The USPTO Internet website contains terminal disclaimer forms which may be used. Please visit www.uspto.gov/patent/patents-forms. The actual filing date of the application in which the form is filed determines what form (e.g., PTO/SB/25, PTO/SB/26, PTO/AIA /25, or PTO/AIA /26) should be used. A web-based eTerminal Disclaimer may be filled out completely online using web-screens. An eTerminal Disclaimer that meets all requirements is auto-processed and approved immediately upon submission. For more information about eTerminal Disclaimers, refer to www.uspto.gov/patents/apply/applying-online/eterminal-disclaimer.

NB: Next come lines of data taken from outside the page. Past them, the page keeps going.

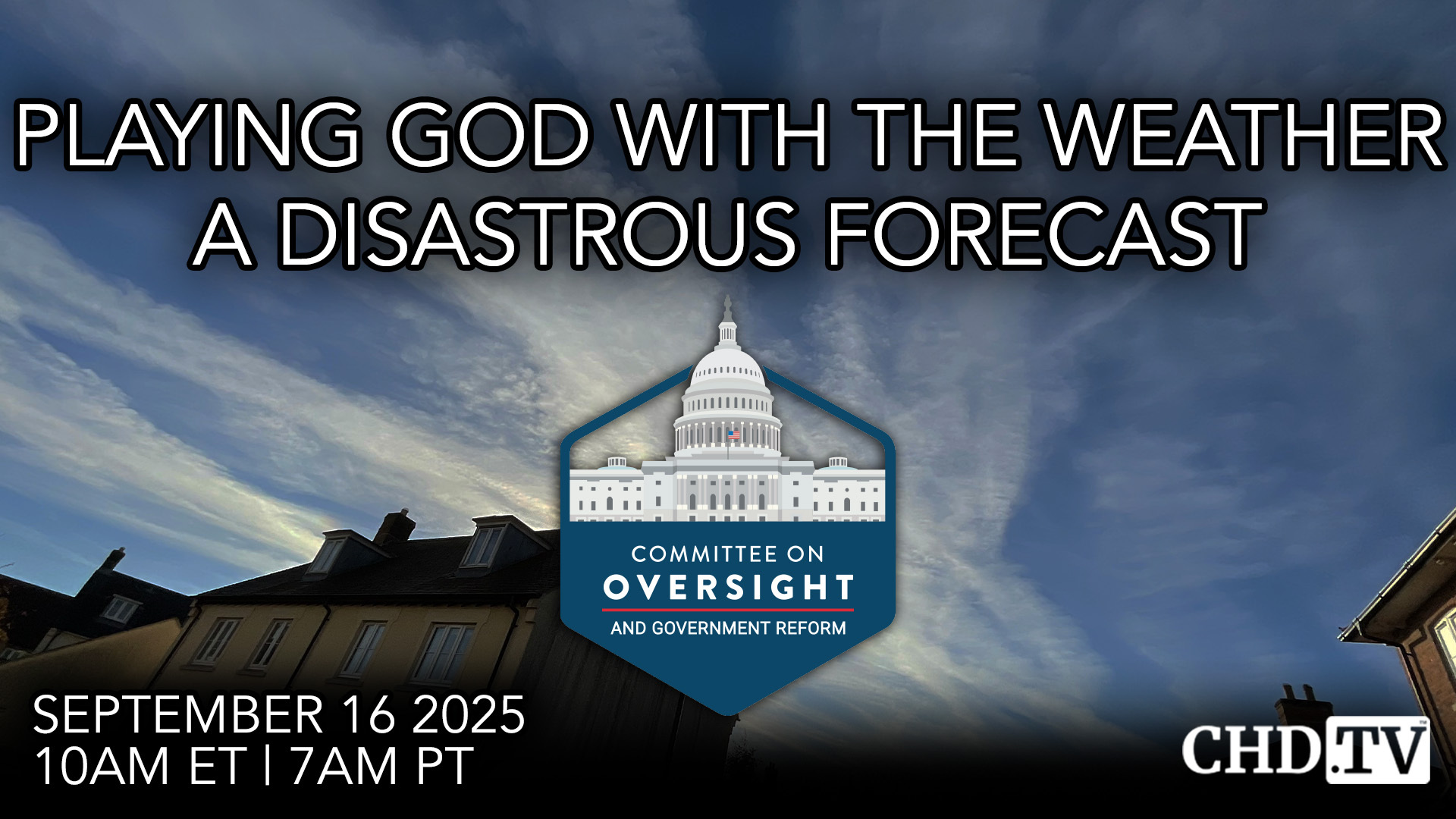 Playing God with the Weather – A Disastrous Forecast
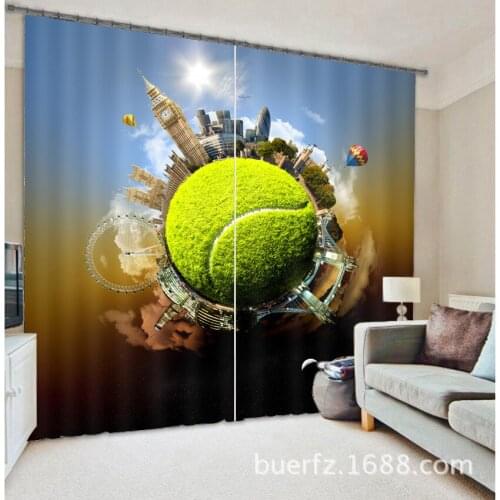 Green Milky way Luxury Blackout 3D Window Curtain For Living Room Bedroom Customized size Drapes Cortinas Rideaux Cushion cover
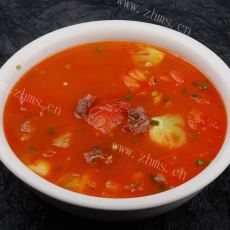 好喝的西红柿牛腩汤的做法
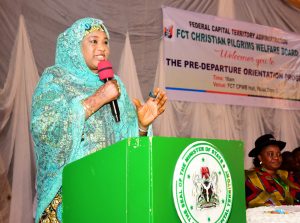 The Federal Capital Territory, FCT, Minister of State, Dr. Mariya Mahmoud 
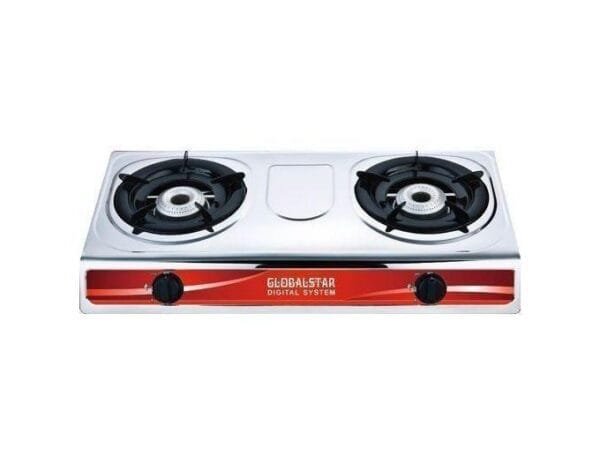 Global Star Double Burner Gas Stove With Automatic Ignition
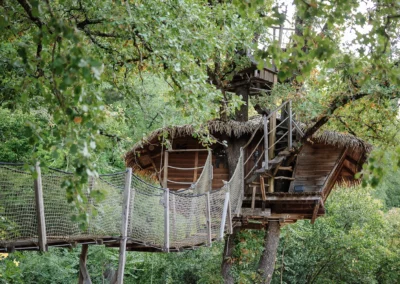 photos cabanes dans les arbres var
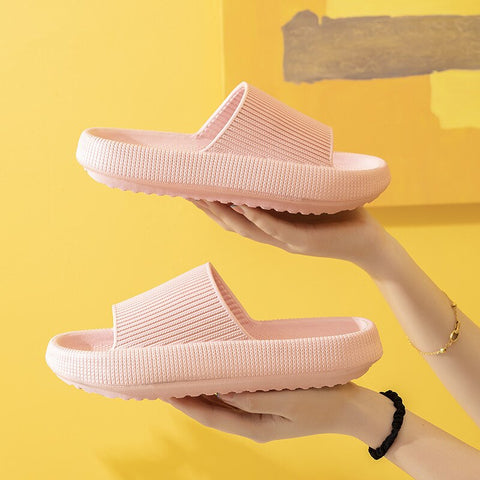 Geumxl 2023 Women's EVA Soft Sole Slide Sandals Thick Platform Summer Slippers For Home Men Lady Indoor Bathroom Anti-Slip Shoes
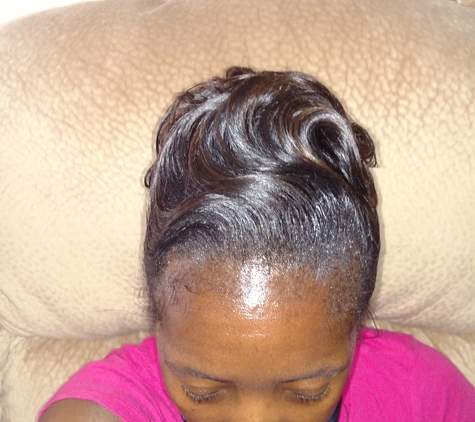 A Touch Of Te'Hair Studio - Baltimore, MD. Updo front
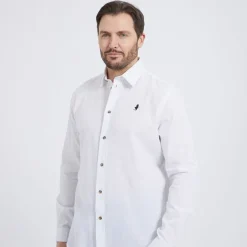 Herre Grand Prairie Langærmet shirts Hvid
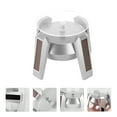 thumbnail image 3 of Miangastore Product Display Spacecraft Ornament Rotating Display Plate Silver 1Set, 3 of 8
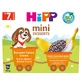 HiPP Mini Dessert Bio, room met banaan en cacao, na 7 maanden, 4 x 100 g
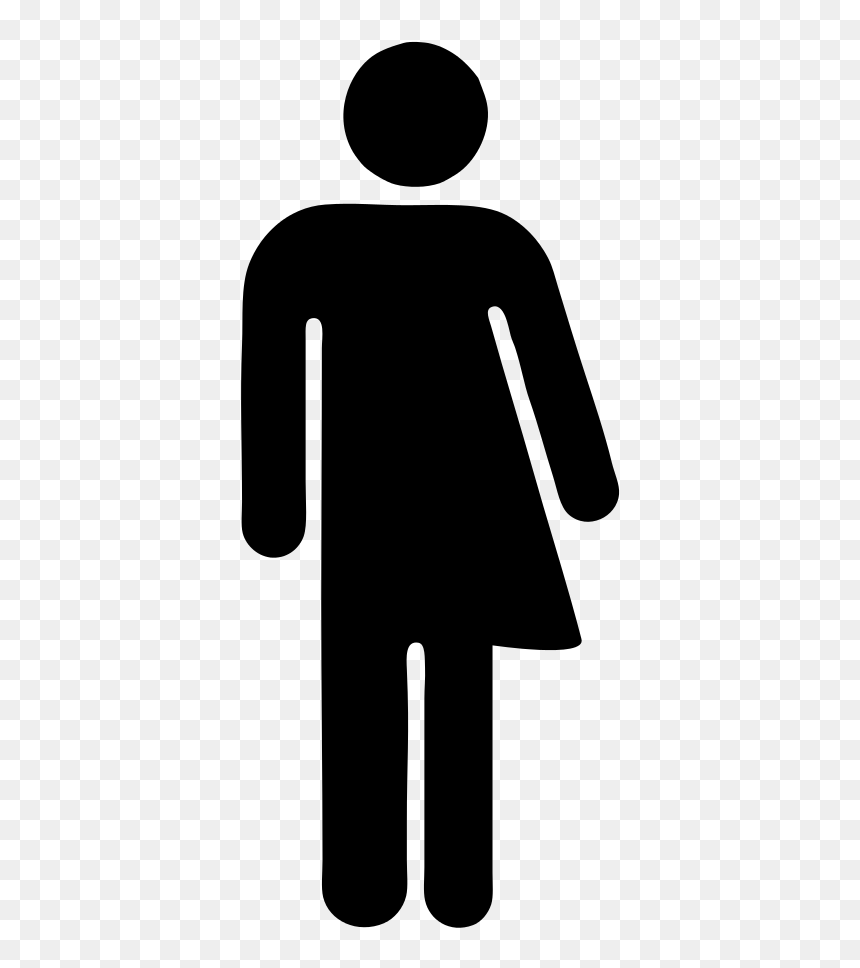 Women Restroom Sign, HD Png Download - reading silhouette png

5. Claims 1-20 are rejected on the ground of nonstatutory double patenting as being unpatentable over claims 1-20 of U.S. Patent No. 11,218,494 B2 (hereinafter the ‘494 patent). Although the claims at issue are not identical, they are not patentably distinct from each other because the claims of the instant application are anticipated by the earlier filed claims of the ‘494 patent in that the claims of the ‘494 patent contain all of the limitations of the instant application. Claims 1-20 of the instant application therefore are not patentably distinct from the earlier filed claims of the ‘494 patent, and as such, is unpatentable for obvious-type double patenting.
The ‘494 patent teaches:
generating a plurality of risk analysis responses regarding a transaction for fraud evaluation (i.e. a plurality of evidence vectors regarding the transaction) [column 27, lines 32-36], wherein the transaction is between a first computing device of the data transactional network and a second computing device of the data transactional network regarding transactional subject matter [column 27, lines 26-31];
performing a first level interpretation of the plurality of risk analysis responses to produce a first level fraud answer [column 27, lines 49-51];
determining a confidence of the first level fraud answer compares unfavorably with a confidence threshold (i.e. favorable) [column 27, lines 52-53];
determining a second level interpretation of the plurality of risk analysis responses based on a level of the confidence of the first level fraud answer [column 27, lines 54-58]; and
performing the second level interpretation of the plurality of risk analysis responses to produce a fraud evaluation answer regarding the transaction [column 27, lines 59-62].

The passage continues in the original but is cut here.